Ever since Isaac Newton in the 17th century, scientists had believed that gravity is a force that acts immediately on an object. For example, planets in our solar system move in straight lines except when gravity pulls them into curved orbits.
In 1915, Albert Einstein redefined gravity in his theory of General Relativity. He said that gravity isn't a "force" at all, but a curvature in space. The presence of mass or energy doesn't affect objects on earth directly; it warps the space around it first, and the objects move in the curved space. The earth always travels in a straight line. The presence of the sun curves space and thus the earth appears to be moving in an elliptical orbit. He also said that the gravity produced by a large object's mass would cause light to bend as it passed nearby.

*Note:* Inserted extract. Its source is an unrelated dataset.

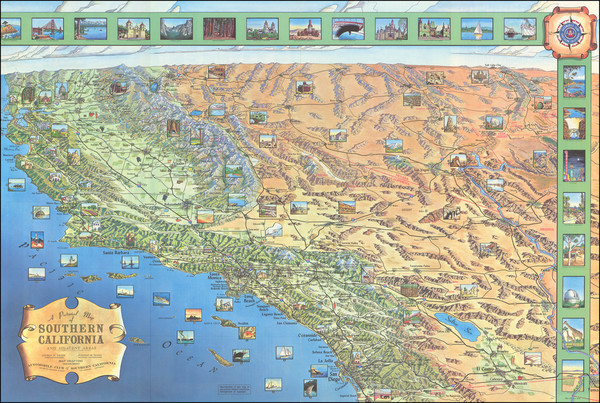 62-Pictorial Maps, California and Los Angeles Map By Automobile Club of Southern California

Gravitational waves are "ripples" in the curvature of space and time, made by the motion of matter, much like a pebble tossed into a pond will cause waves to ripple outward from the source. But gravity's "waves" are not traveling through space-time, like light or sound waves; rather, it is space-time itself that is rippling up and down. By measuring how far apart these waves occur (their frequency) and how those frequencies change, scientists can deduce the source and shape of the object that produced them.
Unlike light waves, which bounce off material objects and enable us to "see," gravitational waves are very difficult to detect. They are too weak to be changed whenever they pass through some object in space. So gravitational waves carry signals unaltered during their journey across the universe. Detecting them would allow scientists to confirm that gravity travels at the speed of light, as well as the existence of black holes, and perhaps give them a clearer "snapshot" of the birth of the universe itself.